A Lover's Tryst (undated, 19th century) by Luděk Marold, via Christie’s.
I have an unusual fondness for the reality TV dating show Are You the One? What appeals to me is not (just) the drama and drunken antics of watching a bunch of twenty-somethings compete for love and screen-time. What I really like is the math.
The math on AYTO derives from its premise: 11 men and 11 women have been paired up by mysterious matchmakers into 11 “perfect matches” and the contestants need to identify their perfect match for a chance at love and (their share of) 1 million dollars (split 22 ways). The group has two ways of finding information to determine all 11 couples. The first is the straightforward “Truth Booth,” where a chosen couple gets to find out definitively whether or not they are a match. The second is the “Matchup Ceremony,” where the group pairs up into their guess at the 11 couples and finds out how many couples are correct, but not which ones, a bit like the game MasterMind or even Wordle.^{1} Each episode typically has one Truth Booth and one Matchup Ceremony.

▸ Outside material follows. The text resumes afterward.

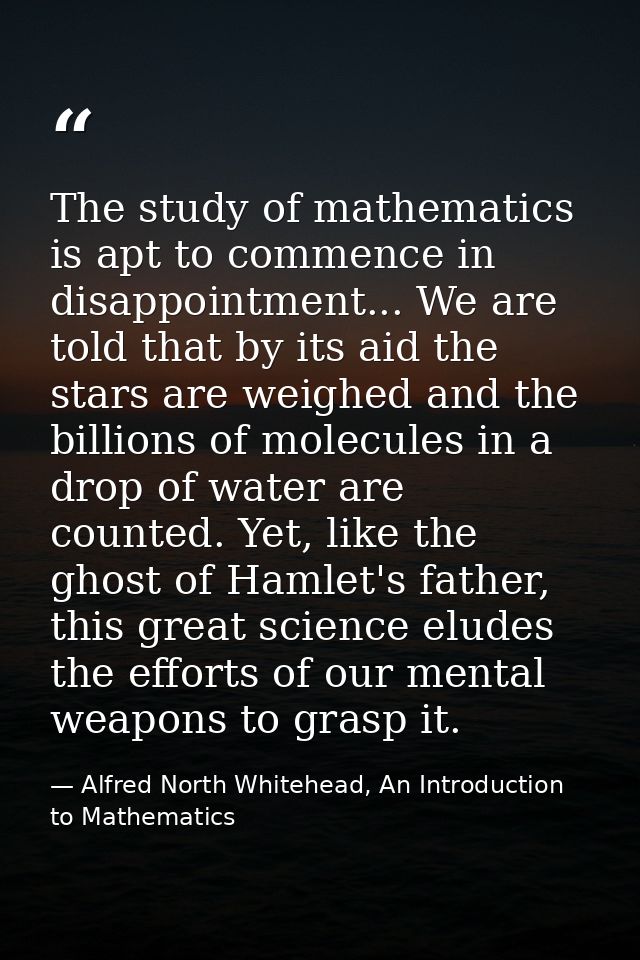 The study of mathematics is apt to commence in disappointment... We are told that by its aid the stars are weighed and t — Alfred North Whitehead, An Introduction to Mathematics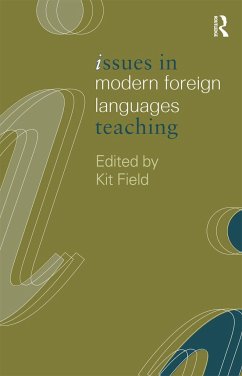 Issues in Modern Foreign Languages Teaching - Field, K. (ed.)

With 11 men and 11 women paired into 11 heterosexual couples, there are a total of 11! (or about 40 million) possible pairings.^{2} Every bit of information winnows the set of possible pairings down a bit. For instance, if a lucky Truth Booth on the first episode confirms a couple, then there would only be 10! = 3.6 million pairings left—an impressive 91% reduction. If that same Truth Booth revealed that the couple wasn’t a match, then there would be 10 × 10! = 36 million pairings left, a measly 9% reduction.
The math behind figuring out the impact of one Truth Booth on the first episode isn’t so bad, but it gets a bit tricky after that. And if you’re imagining the contestants seated around a table working through the possibilities, well…it’s not exactly that kind of show. The contestants aren’t even allowed pen and paper, much less computers. Instead, they’re provided with the slightly less useful tool of seemingly unlimited amounts of alcohol.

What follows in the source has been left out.